Como era de predecir, Parks intentó combatir la sensación de claustrofobia de Thomas con una canción.
—Sky of blue and sea of green —cantó—, in our yellow submarine… ¡Todos juntos! We all live…
Thomas no se unió.
—¿Está seguro de que esta cosa funciona? —preguntó.
—Última tecnología, amigo mío —respondió Parks, excesivamente alegre—. El último grito. Podría llevarnos a seiscientos metros de profundidad si quisiéramos.

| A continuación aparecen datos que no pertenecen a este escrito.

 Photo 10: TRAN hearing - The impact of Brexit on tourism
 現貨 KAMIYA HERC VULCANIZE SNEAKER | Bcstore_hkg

—Pero no queremos, ¿verdad?
—No deberíamos necesitar bajar tanto —aseguró Parks—. Me sorprendería si esas cosas vivieran a más de doscientos metros de profundidad. Si estuvieran a más profundidad, no veo cómo podrían ajustarse a la superficie. Es un cambio de presión excesivo. ¿Está listo?
No lo estaba, pero aun así asintió con la cabeza e intentó sonreír a Kumi, que los estaba observando a través del morro de grueso vidrio del sumergible. Un miembro de la tripulación subió el pulgar y el sumergible fue elevado y a continuación bajado con un cabrestante por el lateral del armazón del Nara. Thomas se sintió apretujado y fuera de control cuando el sumergible giró lentamente sobre el cabrestante, pero no dijo nada. Parks había comenzado a cantar de nuevo. Estaba en su salsa.
Los dos hombres estaban sentados uno junto al otro, rodeados por la burbuja acrílica de la cubierta transparente de la cabina. La visibilidad era excelente, solo las regiones trasera y ventral quedaban oscurecidas por el resto de la embarcación, y Thomas se sintió extrañamente expuesto cuando entraron en el agua y se sumergieron en las profundidades de las aguas azuladas y cambiantes. Se agarró al apoyabrazos y contempló un pez que en ese momento pasaba delante de ellos y que brillaba por la luz del sol filtrada que se mecía en el agua y formaba columnas desde arriba. Tardó un minuto en percatarse de que estaba conteniendo la respiración. Tomó aire cuando Parks soltó el cabrestante de manera automática y el navío de repente pareció caer ingrávido en el oleaje.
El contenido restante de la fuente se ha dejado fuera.